El cristiano no puede destruir en si mismo con la impureza ese templo que es él mismo, ni tampoco destruir con divisiones el templo que es la Iglesia:
“¿No saben que su cuerpo es templo del Espíritu Santo?”. “Y si alguno destruye el templo de Dios, Dios lo destruirá a él; porque el templo de Dios es sagrado, ese templo que son ustedes” (1Co 6,19; 3,16-17)
Por eso Pablo dice algo duramente:
“El que no tiene el Espíritu de Cristo, ha dejado de ser un miembro suyo” (Ro 8,9)
¿Y quién es el que no tiene el Espíritu de Cristo?...
Según San Pablo, es aquel que se deja arrastrar de nuevo por aquellas malas tendencias de antes, ya que “los que son de Cristo las tienen clavadas con Cristo en su cruz” (Gal 5,24)
Pablo ve a la Iglesia como la gran testigo de Cristo, del que da testimonio, como dice a los de Corinto (2Co 3,3) con expresión muy bella:
“Ustedes son la carta de Cristo, escrita no con tinta, sino con el Espíritu del Dios vivo”.
A los que son esta carta viviente, les dicta Pablo unos textos preciosos.
Primero. El Espíritu Santo es don de Dios y prenda de su divina gracia, de su protección, de la vida eterna.
Y así les dice: “Dios nos marcó con su sello y nos dio en arras el Espíritu Santo en nuestros corazones” (2Co 1,22)
Segundo. El amor cristiano es obra del Espíritu Santo.
Es el Espíritu quien aviva el fuego, desde el momento que se metió dentro de cada uno de los bautizados, conforme a la palabra de Pablo tantas veces repetida:
“El amor de Dios ha sido derramado en nuestros corazones, por el Espíritu Santo que se nos ha dado” (Ro 5,5)
Tercero. Con el Espíritu Santo en los corazones, se gozan anticipadas las alegrías que se esperan para el Cielo, tan diferentes de la felicidad vana que puede ofrecer la tierra.
Lo dice Pablo con palabras fuertes:
“No se emborrachen con vino, causa de libertinaje, sino embriáguense de Espíritu Santo, que les hará estallar en salmos, himnos y cánticos inspirados, para cantar en su
corazón al Señor” (Ef 5,18-19)
Cuando se conoce al Espíritu Santo por lo que nos dice Pablo, se aprecia de verdad eso que se ha dicho del Divino Espíritu: que ilumina, que enciente, que empuja.

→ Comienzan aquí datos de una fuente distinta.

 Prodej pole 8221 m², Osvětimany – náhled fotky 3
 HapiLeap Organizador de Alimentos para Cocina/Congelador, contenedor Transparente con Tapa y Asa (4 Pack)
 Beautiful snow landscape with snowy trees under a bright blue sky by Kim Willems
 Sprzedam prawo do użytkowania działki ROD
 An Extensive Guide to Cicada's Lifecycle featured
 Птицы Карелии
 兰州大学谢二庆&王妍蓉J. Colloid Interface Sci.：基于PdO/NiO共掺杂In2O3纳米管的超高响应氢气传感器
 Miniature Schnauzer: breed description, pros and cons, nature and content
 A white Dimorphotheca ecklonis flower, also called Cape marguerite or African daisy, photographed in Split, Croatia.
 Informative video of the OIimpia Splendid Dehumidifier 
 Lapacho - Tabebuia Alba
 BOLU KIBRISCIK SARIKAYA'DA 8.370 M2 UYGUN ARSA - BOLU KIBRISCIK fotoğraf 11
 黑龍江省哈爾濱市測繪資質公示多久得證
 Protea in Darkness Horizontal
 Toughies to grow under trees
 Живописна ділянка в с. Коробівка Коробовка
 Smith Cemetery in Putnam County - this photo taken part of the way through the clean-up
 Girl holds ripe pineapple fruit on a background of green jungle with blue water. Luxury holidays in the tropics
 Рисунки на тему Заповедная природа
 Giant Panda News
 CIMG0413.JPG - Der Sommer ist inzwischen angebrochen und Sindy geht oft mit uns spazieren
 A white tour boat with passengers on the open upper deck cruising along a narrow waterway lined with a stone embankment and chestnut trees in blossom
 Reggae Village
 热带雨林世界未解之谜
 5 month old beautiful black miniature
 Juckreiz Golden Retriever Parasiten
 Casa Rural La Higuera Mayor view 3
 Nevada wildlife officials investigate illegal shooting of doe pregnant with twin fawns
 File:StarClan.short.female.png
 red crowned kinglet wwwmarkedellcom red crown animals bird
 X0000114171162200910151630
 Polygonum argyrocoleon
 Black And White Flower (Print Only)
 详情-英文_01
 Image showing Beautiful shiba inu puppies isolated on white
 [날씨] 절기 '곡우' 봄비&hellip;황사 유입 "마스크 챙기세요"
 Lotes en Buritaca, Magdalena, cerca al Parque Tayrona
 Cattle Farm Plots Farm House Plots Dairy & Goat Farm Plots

¡Cómo hace ver los misterios de Dios!
¡Cómo abrasa el corazón!
¡Cómo impulsa a hacer algo por el Señor!...
El Espíritu Santo, que nunca está quieto en la Iglesia, no deja tampoco en paz ociosa al cristiano, que, al dejarse guiar por el Espíritu, tiene siempre en sus labios la consabida plegaria: ¡Ven, Espíritu Santo!...
Entre los himnos de la Liturgia de la Iglesia al Espíritu Santo hay uno precioso por demás.
Cada uno de los versos puede probarse sin esfuerzo alguno con un texto de San Pablo, como si Pablo fuera dictando cada uno de esos versos con palabras propias suyas.
Dice así ese himno tan bello:
“Ven, Espíritu divino, manda tu luz desde el cielo. Padre amoroso del pobre; don, en tus dones espléndido; luz que penetra las almas; fuente del mayor consuelo.
“Ven, dulce huésped del alma, descanso de nuestro esfuerzo, tregua en el duro trabajo, brisa en las horas de fuego, gozo que enjuga las lágrimas y reconforta en los duelos.
“Entra hasta el fondo del alma, divina luz, y enriquécenos. Mira el vacío del hombre, si tú le faltas por dentro; mira el poder del pecado, cuando no envías tu aliento.
“Riega la tierra en sequía, sana el corazón enfermo, lava las manchas, infunde calor de vida en el hielo, doma el espíritu indómito, guía al que tuerce el sendero.
“Reparte tus siete dones, según la fe de tus siervos; por tu bondad y tu gracia, dale al esfuerzo su mérito; salva al que busca salvarse y danos tu gozo eterno”.
Este himno en latín es muy viejo, y muy moderna su traducción a nuestra lengua. Pero, en latín o español, estemos seguros que merece esta firma: Pablo, apóstol de Jesucristo.